_Stored data_:

——

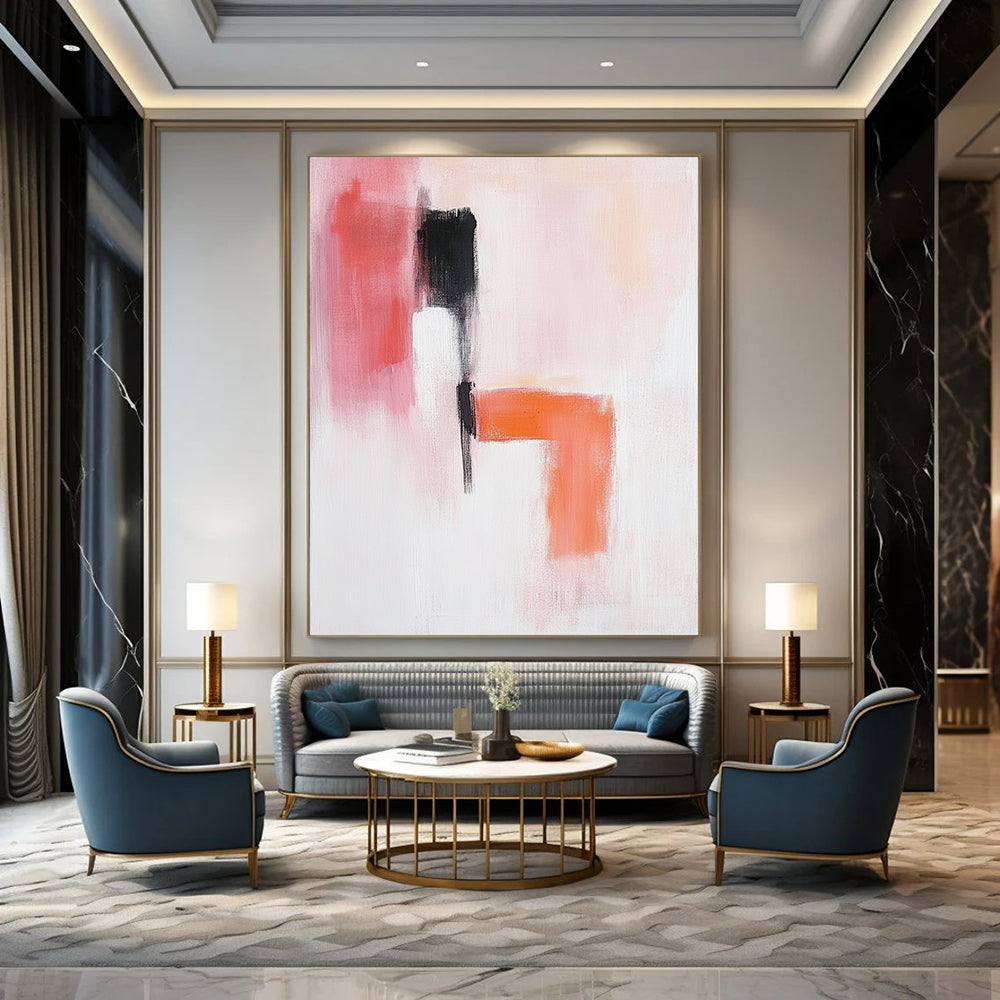 Contemporary abstract painting in soft pink orange and white with a serene figure black shoes and textured elements creating a minimalistic calm composition. DLZ0918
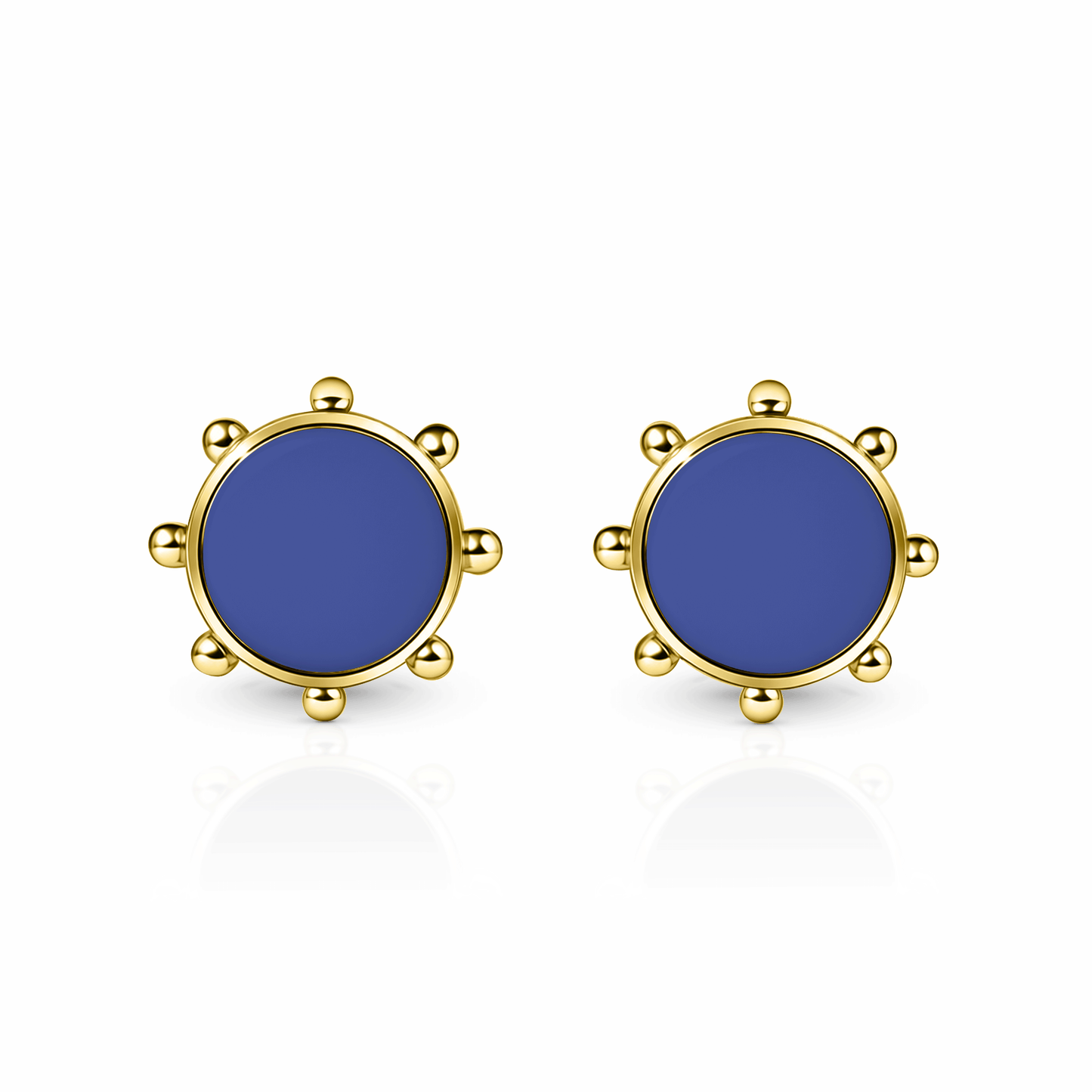 Orbit Stud Earrings | 14K Gold Royal Blue {{ catogery }} {{ Collections }}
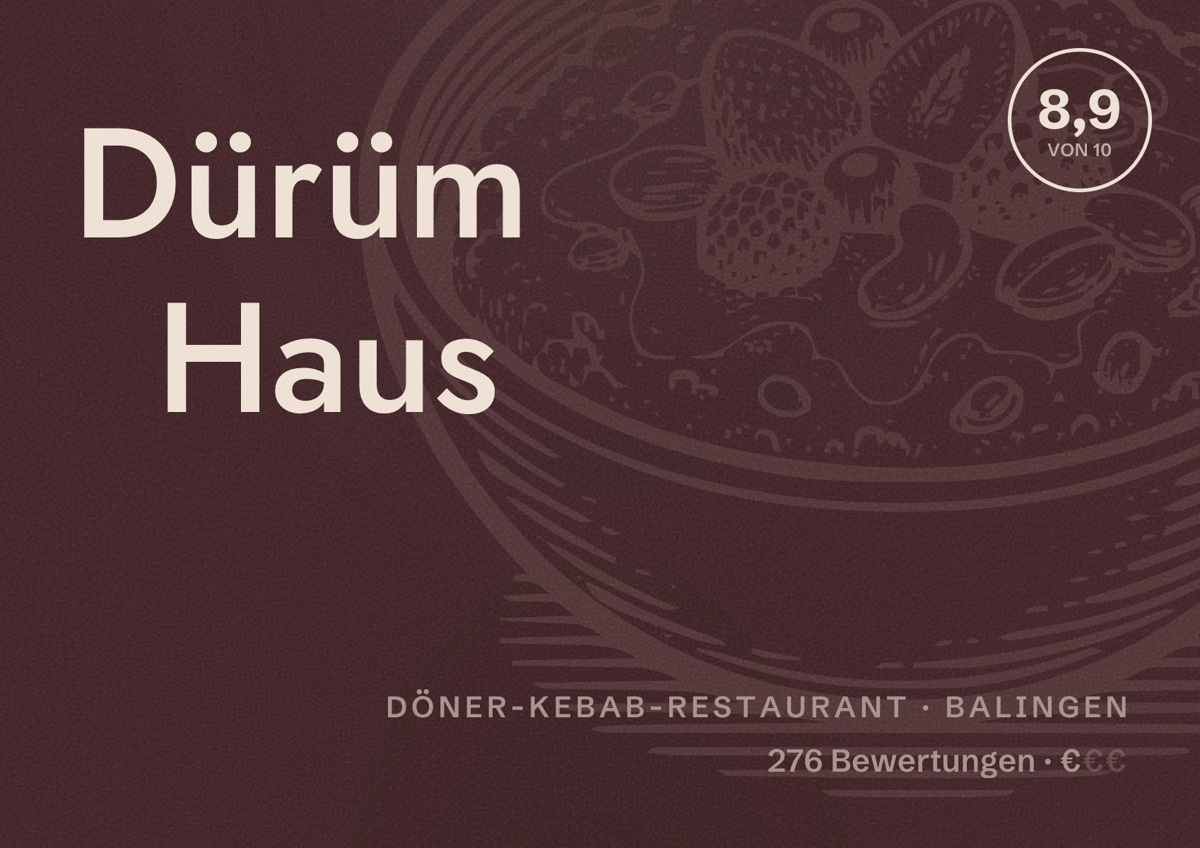 Illustriertes Poster von Dürüm Haus, Döner-Kebab-Restaurant in Balingen: Bewertung 8,9 von 10 aus 276 Bewertungen, Preisniveau €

——

Give the data again exactly. Keep the images out.

 Contemporary abstract painting in soft pink orange and white with a serene figure black shoes and textured elements creating a minimalistic calm composition. DLZ0918
 Orbit Stud Earrings | 14K Gold Royal Blue {{ catogery }} {{ Collections }}
 Illustriertes Poster von Dürüm Haus, Döner-Kebab-Restaurant in Balingen: Bewertung 8,9 von 10 aus 276 Bewertungen, Preisniveau €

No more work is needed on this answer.